The U.S. and Japan will announce a deal to roll back Trump-era steel tariffs.
WASHINGTON — The Biden administration has reached a deal to partially lift tariffs that the Trump administration imposed on Japanese steel, according to people familiar with the matter, scaling back levies that were opposed by the Japanese government and American manufacturers that use imported steel.
The Biden administration is expected to announce the arrangement, which was first reported by Bloomberg News, later on Monday.
The deal will maintain some protections for American metal makers by transforming the current 25 percent tariff on Japanese steel into a so-called tariff-rate quota, an arrangement in which higher levels of imports are met with higher duties. Up to 1.2 million tons of Japanese steel will be allowed to come into the country duty-free each year, with volumes above that level subject to a 25 percent tariff, one person said.
The Trump administration imposed metal tariffs on dozens of countries in 2018, saying that a glut of foreign steel and aluminum threatened to put U.S. manufacturers out of business and posed a national security threat. Former President Donald J. Trump did lift or scale back the tariffs on certain countries, including Mexico and Canada, but many governments remained subject to the levies.
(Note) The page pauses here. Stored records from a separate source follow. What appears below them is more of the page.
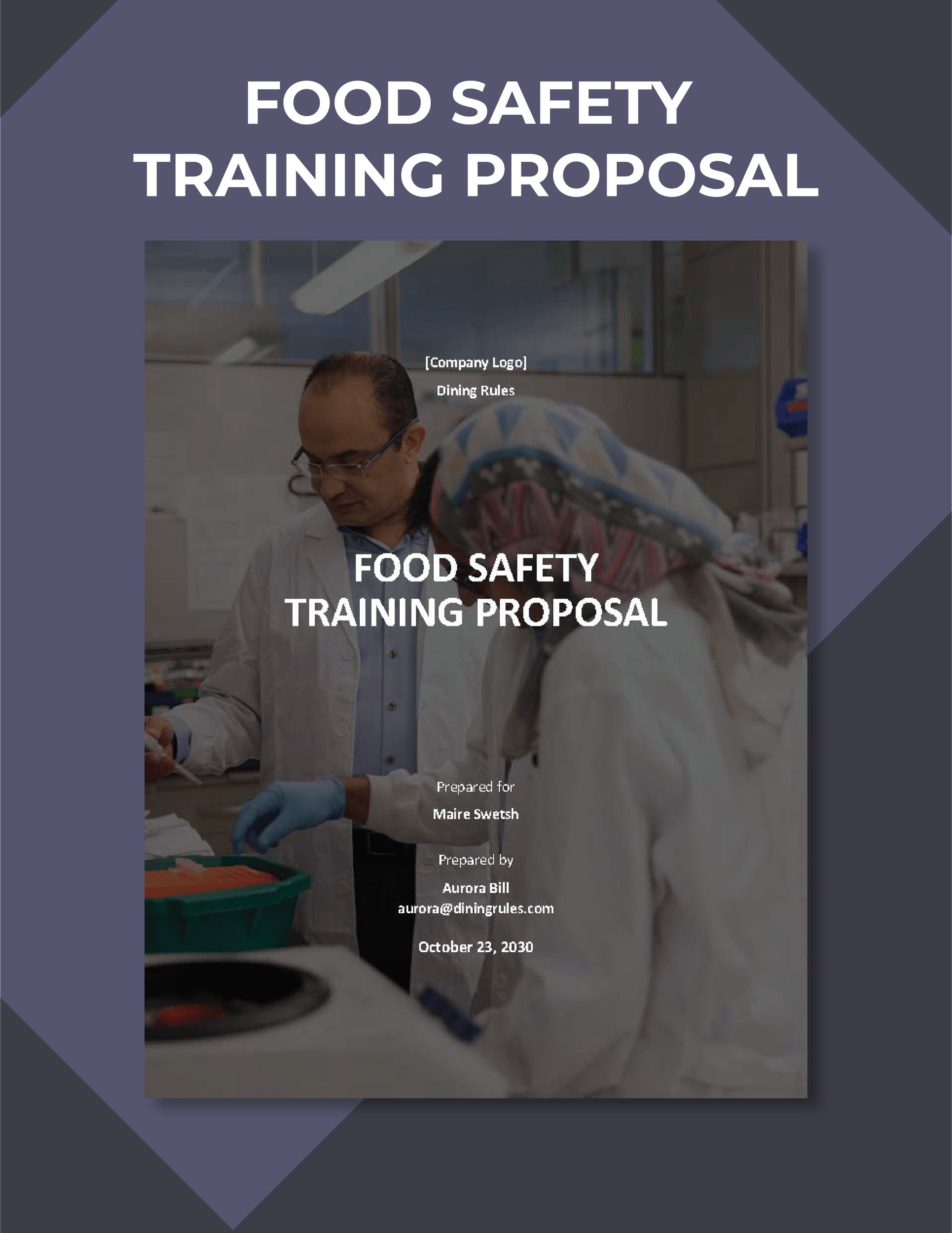 Food Safety Training Proposal Template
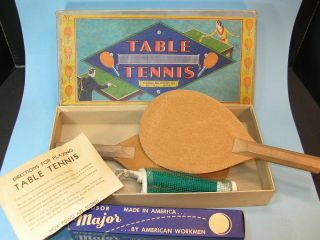 Boxed 1930s Marks Table Tennis / Ping Pong Set,  Paddles,  Net,  6 Vintage Balls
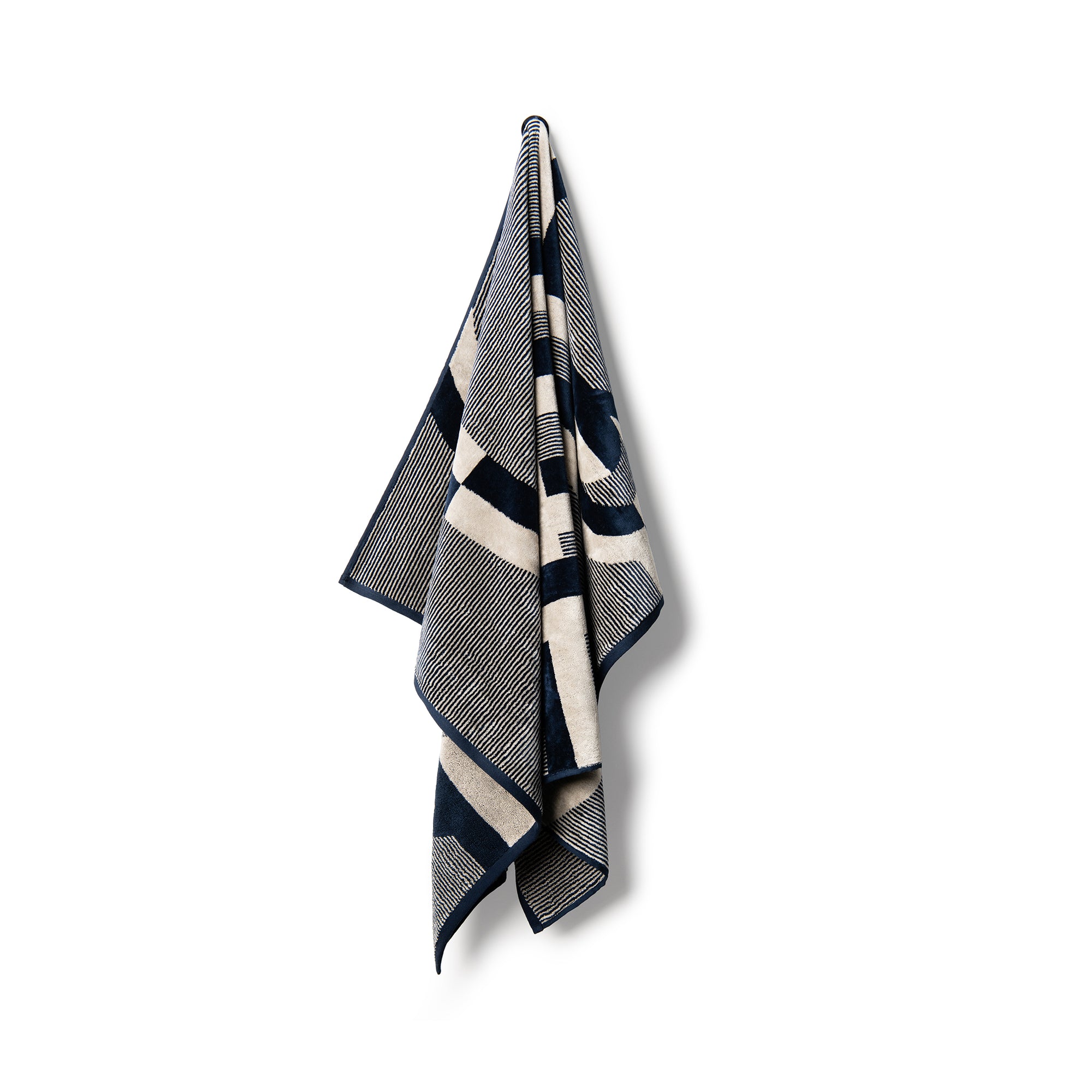 Velour Bath Towel Navy&Beige 90/150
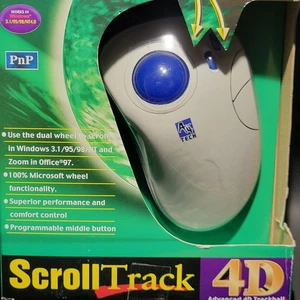 Vintage 90s A4 Tech WWT-13 Scroll Track 4D TrackBall Large Mouse - Picture 1 of 12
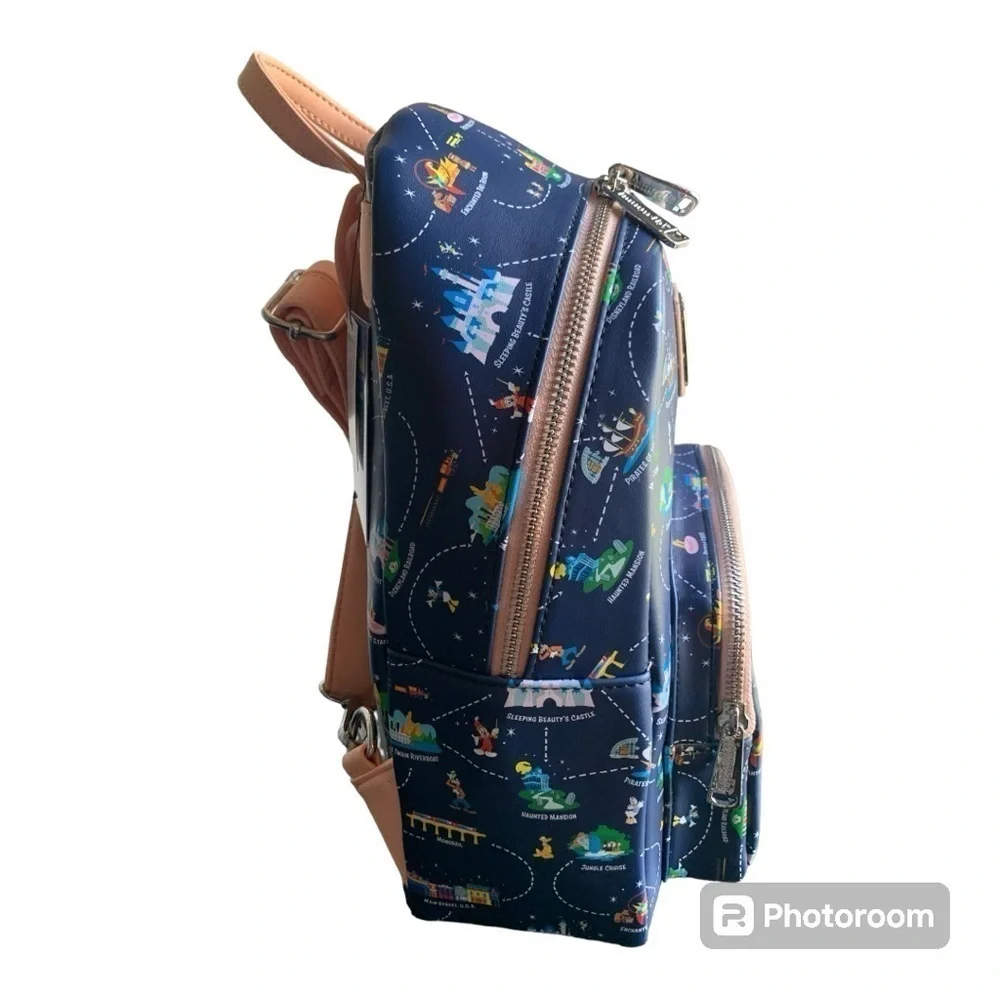 NWT Loungefly Disneyland 65th Anniversary Disney Map Convertible Mini Backpack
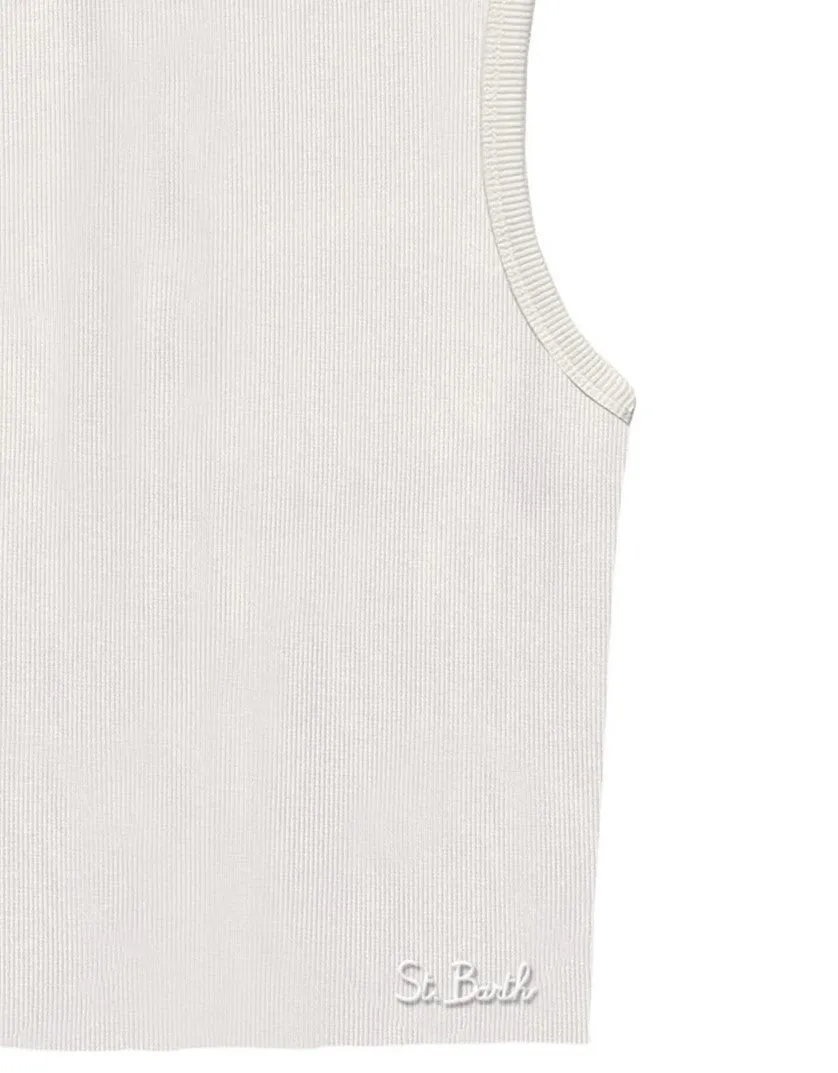 rib-knit cotton tank top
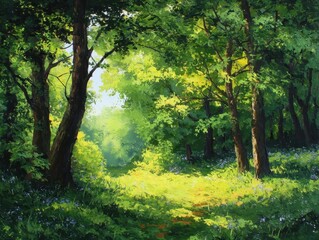 Oil Painting Forest Sunlight Green Trees Woodland Path Bright Foliage Summer Landscape Nature Art Serene Wood Clearing Peaceful Scenery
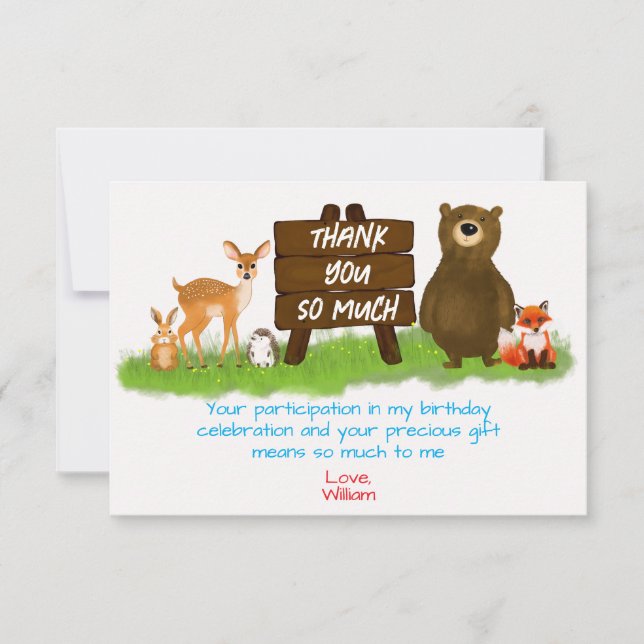 Rustic Woodland Forest Animals Birthday  Thank You Card (Front)
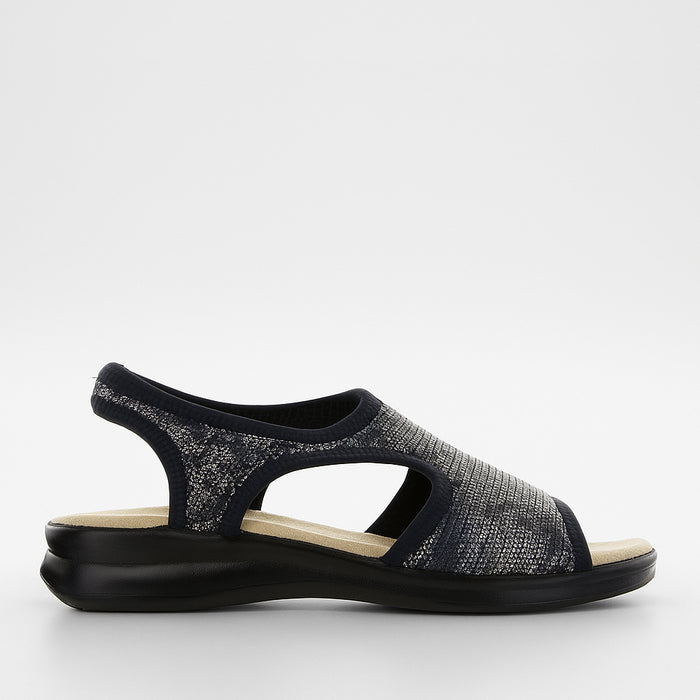Black Euroflex Tuscany sandals with open-toe design and adjustable straps, displayed on a plain background.
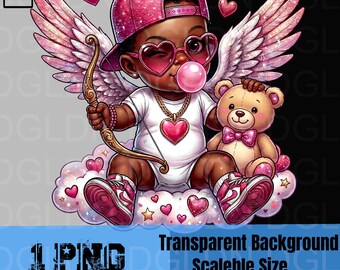 Cupidon bébé PNG Clipart | Ange mélanine Cupidon | Lunettes de soleil coeur ours en peluche | Conception d'autocollants à sublimation pour la Saint-Valentin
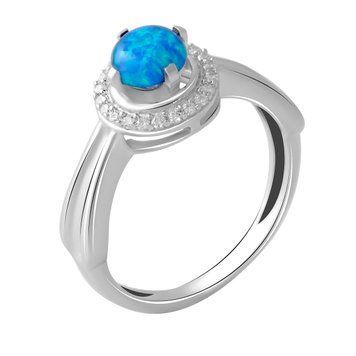 Срібна каблучка з опалом 0.65ct, вага виробу 2,84 гр (2050681) 17.5 розмір 2050681 фото
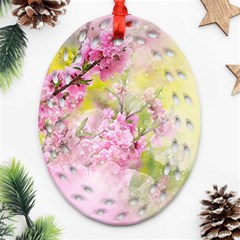 Flowers Pink Art Abstract Nature Oval Filigree Ornament (two Sides)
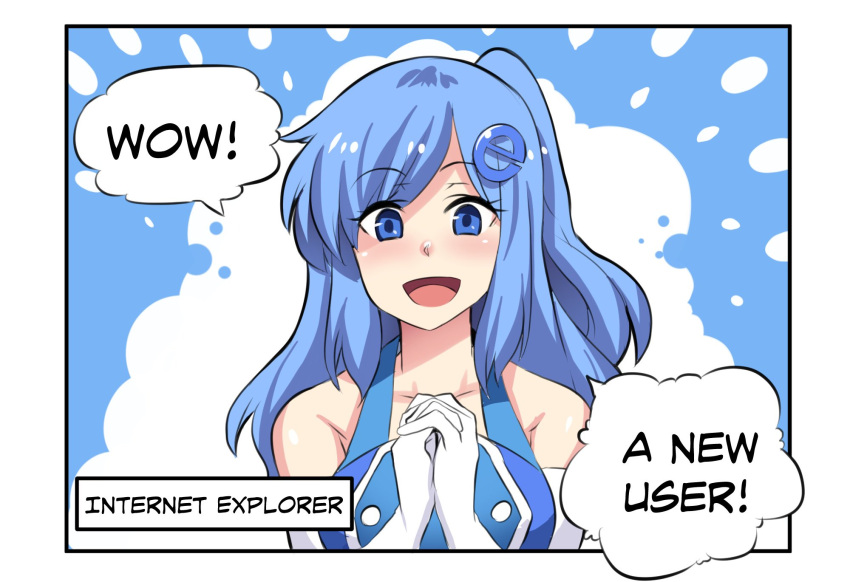 1girl 3koma bare_shoulders blue_eyes blue_hair blush collarbone comic elbow_gloves english excited eyebrows_visible_through_hair gloves hair_ornament highres interlocked_fingers internet_explorer long_hair looking_at_viewer open_mouth original osiimi personification smile solo speech_bubble upper_body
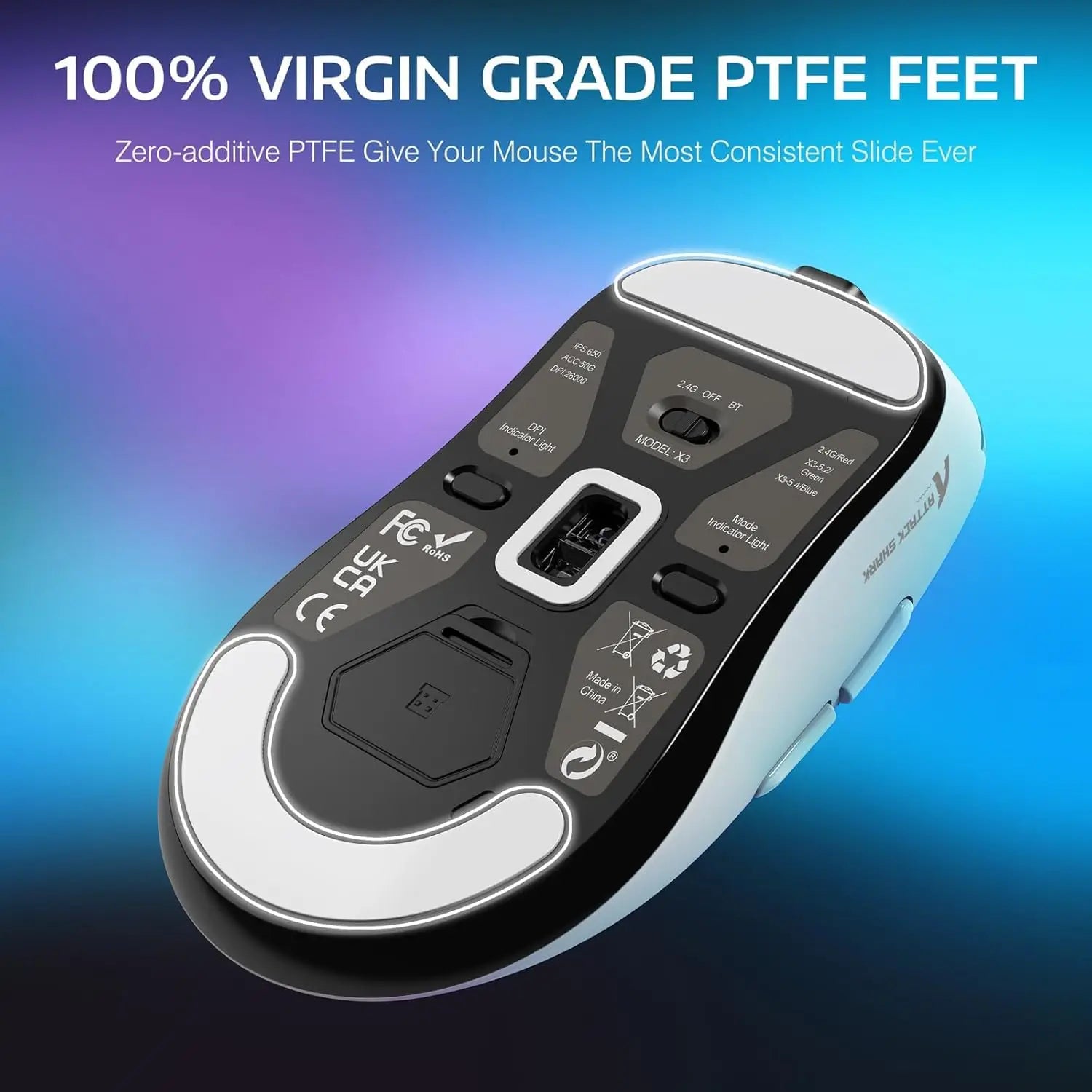 Attack Shark X3Pro Wireless Bluetooth Gaming Mouse PixArt PAW3395 26000dpi Optical Mouse Tri-Mode Connection Macro Gaming Mouse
That included the European Union, which in October reached an agreement with the Biden administration that relaxed some of the tariffs. But unlike that agreement, in this one companies that previously received exclusions to the tariffs on Japanese metal will now be subject to the new quotas, one of the people familiar with the matter said.
The trade barriers have pleased many domestic metal makers and unions. But they rankled both foreign allies and many American companies that use imported steel and aluminum to make cars, washing machines, beer cans and other products, who were forced to pay higher prices for their inputs.